Just About Christmas


Friday 25.12.09


Twenty minutes until the end of Christmas Day, so Merry Christmas for the moment.


It has been a stressful, strange trip to get here. That sickness bug hasn't truly gone away, and there was a point at the supermarket on Wednesday when I didn't think I'd make it through the checkout. Luckily, everyone pitched in and by New Years Eve (which was H's 16th birthday) we were ready. It should have been easy as we weren't expecting visitors and there's only the four of us. The pressure is always to create, for one day of the year only, the perfect 24 hours. One of the last things I said to Nick last night was that I regretted that I had forgotten to get dates. This was a bizarre thought considering that we had spent £200 on food for just the four of us. That's the price of three weeks shopping aimed mainly at just the one day. There's loads left to eat, but the quest is always for luxury, variety, choice. Let no-one mention value or nutrition. Let us all nibble on anything (this year, anything but dates), and not be disappointed.

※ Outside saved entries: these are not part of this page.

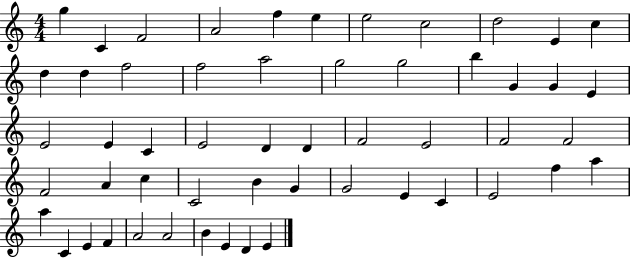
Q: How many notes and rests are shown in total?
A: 54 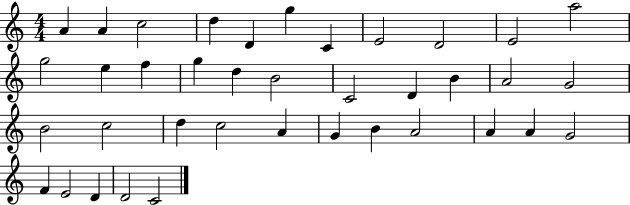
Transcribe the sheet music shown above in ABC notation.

X:1
T:Untitled
M:4/4
L:1/4
K:C
A A c2 d D g C E2 D2 E2 a2 g2 e f g d B2 C2 D B A2 G2 B2 c2 d c2 A G B A2 A A G2 F E2 D D2 C2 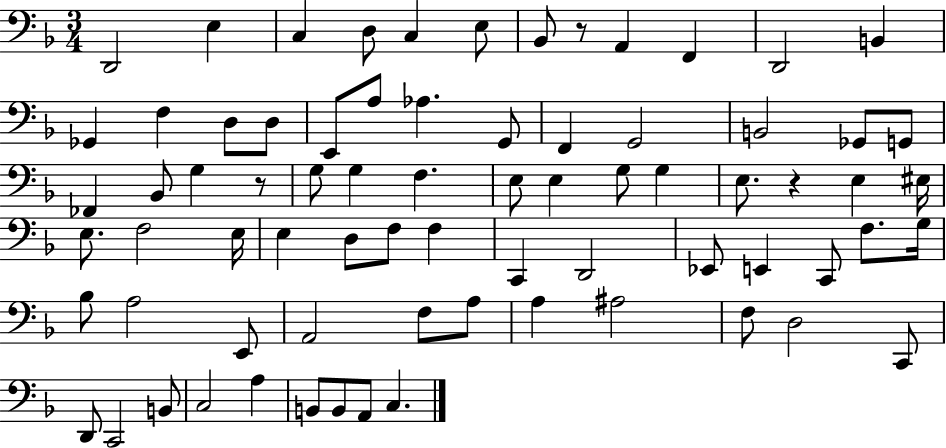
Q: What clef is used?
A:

We weren't disappointed. I was up last, as usual. We sat around opening presents. It was clear, as it always is that my fears that there weren't enough parcels were unfounded. Everyone had something of what they wanted, something of what they needed, and something naff. This year, the family took a risk and played a trick on me.

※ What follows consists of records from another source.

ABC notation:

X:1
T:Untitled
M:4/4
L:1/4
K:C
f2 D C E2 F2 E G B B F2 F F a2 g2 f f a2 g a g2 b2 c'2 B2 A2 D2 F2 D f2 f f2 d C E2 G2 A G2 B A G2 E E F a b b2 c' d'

'Your present is on the dining table', Nina called, 'Keep it upright!'

'You'd better open that one first' Nick added.

I picked up the large box shape. It felt cool, like it concealed the bars of the cage. Rats have been in my mind lately. There is an infestation on the paths close to our house, and many have been seen in daylight. Bait has been placed. In the petshop, we had browsed the pet displays, and I had been talking about how Nick and I once had a rat, given to us by a friend. I just couldn't get to like it. Although it was friendly, the sight of the tail weaving through the cage was unsettling. I was concerned that my family had bought me a pet. I don't want one.

I brought in the gift and began, gingerly, to pick at the wrapping. There was a whiff of sawdust. I felt something move inside of the cage. My heart sank. I didn't want to ruin Christmas before it had properly begun but it seemed too much to cope with. I pulled off a little more paper. There was a largeish, dark shape, two beady eyes. Holding my breath, I pulled off the paper. Two soft toy rats, one black, one white, on a bed of shavings inside Nina's spare gerbil cage.

They had been planning it for days. I love my family.


Then, the Christmas routines kicked in. Luxury breakfast of choice. I had bagel with smoked salmon and cream cheese this year. The kids had crumpets. I got the dinner on, chicken this year, and went back and forth between the tv, a book and keeping an eye on it all. We listened to the Queen's Speech, heavy on the Commonwealth, and speculated on what this meant.


The dining room, decorated just yesterday by the kids and finally tidied by Nick this morning looked Christmassy. e ate the dinner, commenting on the awful Christmas CD. 'It's an old one, we never listen to', Nick said. 'Not surprised, it's rubbish'. Corny covers of old time classics. Dinner and fake champagne made up for it. And the company of course.


Phone calls to family. Rich rang from China. A game of Monopoly. More TV. Chocolate. Cheese. Satsuma. Mince Pie. More wine. Cups of tea.


Now, quarter past midnight. Boxing Day. Just me up. Facebook, Twitter, Blogger.


A Merry Christmas to all, and to all, a Good Night.